Ausgabe: Gesamtpreis.


Wenn mir jemand diese Aufgaben lösen könnte wär ich sehr erfreut 
Und bedanke mich jezt schon mal..

EDIT:
Ich hab gelesen das ihr keine Hausaufgaben macht, ich bin im Praktikum.

Also ich mache ein Praktikum als Systemadministrator, und nicht als Programmierer, da wir in der IT Abteilung sitzen kam einer auf die Idee mir aufgaben im Programmierungsbereich zu stellen.
ich weiß nur das man die Mainmethode da braucht und sonst hab ich leider keine Ahnung vom Programmieren, ich hab gehofft das hier jemand so sozial ist und mir hilft.
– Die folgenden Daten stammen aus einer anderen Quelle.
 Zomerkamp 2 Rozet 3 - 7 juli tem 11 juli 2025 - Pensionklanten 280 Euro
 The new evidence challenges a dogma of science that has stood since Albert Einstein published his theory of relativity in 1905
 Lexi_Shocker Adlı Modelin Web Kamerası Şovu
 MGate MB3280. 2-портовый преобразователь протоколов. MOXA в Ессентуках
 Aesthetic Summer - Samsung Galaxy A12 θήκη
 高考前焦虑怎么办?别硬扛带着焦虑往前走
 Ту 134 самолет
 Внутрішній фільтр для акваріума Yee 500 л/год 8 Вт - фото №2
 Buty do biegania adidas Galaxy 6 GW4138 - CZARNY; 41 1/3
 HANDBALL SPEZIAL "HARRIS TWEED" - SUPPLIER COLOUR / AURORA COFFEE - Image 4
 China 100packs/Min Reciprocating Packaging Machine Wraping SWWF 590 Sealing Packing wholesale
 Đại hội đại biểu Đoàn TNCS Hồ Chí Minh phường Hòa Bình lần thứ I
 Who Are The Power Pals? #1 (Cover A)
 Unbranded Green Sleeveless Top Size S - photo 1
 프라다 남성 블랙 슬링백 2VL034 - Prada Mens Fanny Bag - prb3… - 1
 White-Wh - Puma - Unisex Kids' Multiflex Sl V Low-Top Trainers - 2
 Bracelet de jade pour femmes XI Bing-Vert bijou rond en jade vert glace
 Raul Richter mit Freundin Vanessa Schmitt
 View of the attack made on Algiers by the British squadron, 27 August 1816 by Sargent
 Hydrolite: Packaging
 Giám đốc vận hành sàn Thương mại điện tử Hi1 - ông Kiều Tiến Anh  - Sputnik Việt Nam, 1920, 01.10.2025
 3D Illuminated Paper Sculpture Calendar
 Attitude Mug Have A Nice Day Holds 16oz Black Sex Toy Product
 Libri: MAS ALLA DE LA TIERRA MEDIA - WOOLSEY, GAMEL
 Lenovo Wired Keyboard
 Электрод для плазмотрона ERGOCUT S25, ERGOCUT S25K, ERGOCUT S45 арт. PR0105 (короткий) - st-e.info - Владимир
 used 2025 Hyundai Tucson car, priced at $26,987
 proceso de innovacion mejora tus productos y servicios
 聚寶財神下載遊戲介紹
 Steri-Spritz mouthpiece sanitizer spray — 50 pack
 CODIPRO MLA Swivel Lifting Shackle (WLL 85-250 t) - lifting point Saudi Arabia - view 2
Auf der Website hat der Mitarbeiter die Aufgabe her, auf Seite 3 die Aufgabe.
Wie gesagt, ich komm damit nicht zurecht..
Bitte daher um Hilfe.

http://www.pellatz.de/downloads/c_aufgaben.pdf


----------



## Gast2 (7. Aug 2012)

Hausaufgaben lösen wir hier nicht.
Was hast du genau versucht? Wo hats da gehakt?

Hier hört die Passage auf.